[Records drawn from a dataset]
# # # # # # #
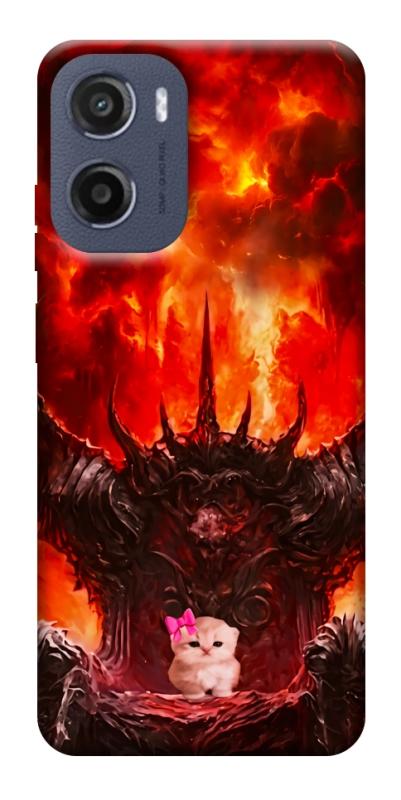 Чохол itsPrint Kitty hell для Motorola Moto G05, меми, купити оптом з доставкою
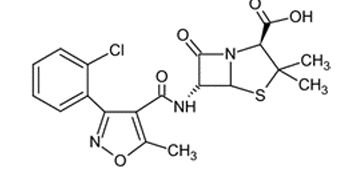 <p>[PENICILLINIASE-RESISTANT PENICILLINS / ANTISTAPHYLOCOCCAL PENICILLINS]</p><p>a. Methicillin</p><p>b. Nafcillin</p><p>c. Oxacillin (OXA)</p><p>d. Cloxacillin (CLX)</p><p>e. Dicloxacillin (DCX)</p>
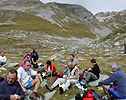 2470 m, le pique-nique - le repas froid semble tre apprci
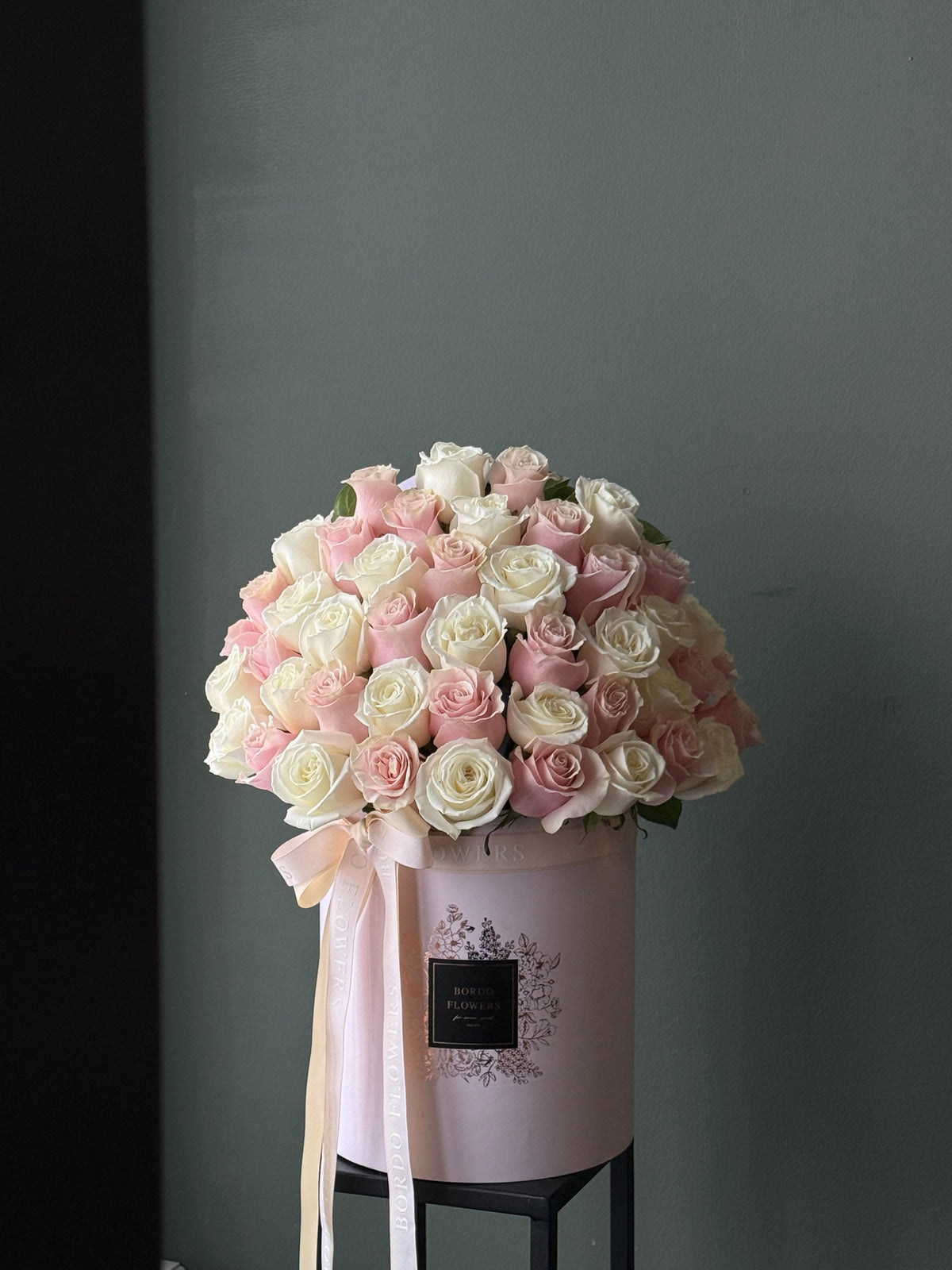 “50 Reasons Why” luxury flower box with 50 premium roses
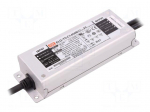 Power supply: switched-mode | LED | 75W | 27&divide;54VDC | 1400mA | IP67 | 800g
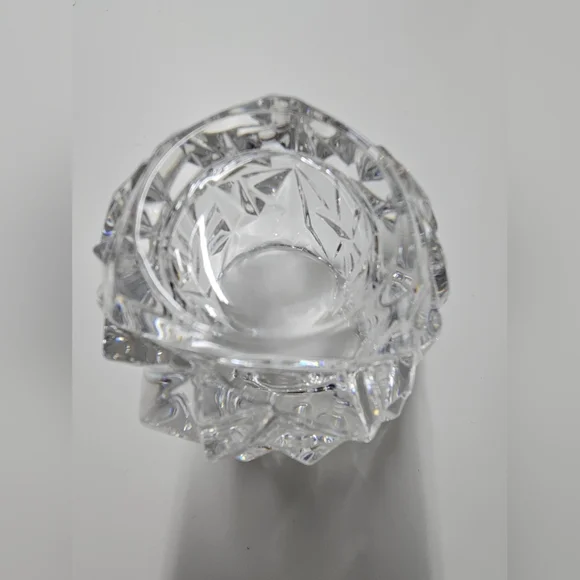 Tiffany & Co Candle Holder Rock Hand Cut Crystal Pattern Votive Tea Light 3"H - Picture 4 of 5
# # # # # # #
[WHAT THIS TASK INVOLVES] What is needed is an exact repetition of every line from the line with "50 premium roses" to the end of the data above, both ends included, with no pictures.

[RESULT]
 “50 Reasons Why” luxury flower box with 50 premium roses
 Power supply: switched-mode | LED | 75W | 27&divide;54VDC | 1400mA | IP67 | 800g
 Tiffany & Co Candle Holder Rock Hand Cut Crystal Pattern Votive Tea Light 3"H - Picture 4 of 5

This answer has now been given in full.